# Advice Bringing 10,000 to Spain from USA?



## GreenGreen88 (Apr 22, 2016)

My parents recently got an inheritance from my grandmother who passed away. They decided to use some of it to give each child 10,000$. My problem is I want to do everything by the book and I have no idea how. I have transferred small amounts of money to Spain before by PayPal or wire transfer but 10,000 seems way too big for any of that. 

Any advice?


----------



## Alcalaina (Aug 6, 2010)

Are you transferring from one bank account to another? If so I would recommend CurrencyFair.
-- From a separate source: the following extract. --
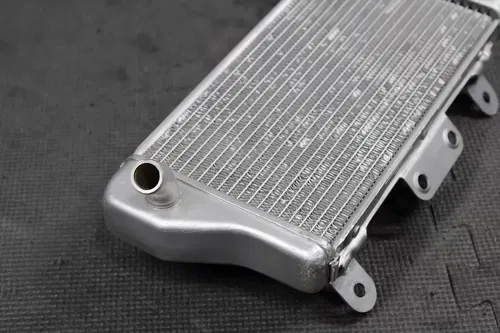 2006 YAMAHA YZ250F OEM RIGHT ENGINE MOTOR COOLING COOLER RADIATOR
I am not sure if there's an upper limit, but I've transferred more than that in the past (sterling to euro) without a problem.

https://app.currencyfair.com/support/en


----------



## GreenGreen88 (Apr 22, 2016)

Alcalaina said:


> Are you transferring from one bank account to another? If so I would recommend CurrencyFair. I am not sure if there's an upper limit, but I've transferred more than that in the past (sterling to euro) without a problem.
> 
> https://app.currencyfair.com/support/en


Im not even really sure if its from one bank to another. My parents gave me a certified check so Im not really sure what to do. Thanks for the advice!


----------



## Alcalaina (Aug 6, 2010)

Best thing would be to pay it into your own bank, and then transfer the individual amounts to the other accounts using a foreign exchange broker. Apparently US residents can't open CurrencyFair accounts, but there are plenty of others. HIFX for example.


----------



## Pazcat (Mar 24, 2010)

Would this not be subject to tax in Spain too?
Worth checking out at least.


----------



## Alcalaina (Aug 6, 2010)

Pazcat said:


> Would this not be subject to tax in Spain too?
> Worth checking out at least.


If the heirs are tax resident in Spain, they will have to declare it (Modelo 650). But depending on the succession tax laws where they live, it may be below the threshold for tax. For example in Andalucia the first €250,000 of an inheritance from a parent is tax free.


----------



## Lynn R (Feb 21, 2014)

Alcalaina said:


> If the heirs are tax resident in Spain, they will have to declare it (Modelo 650). But depending on the succession tax laws where they live, it may be below the threshold for tax. For example in Andalucia the first €250,000 of an inheritance from a parent is tax free.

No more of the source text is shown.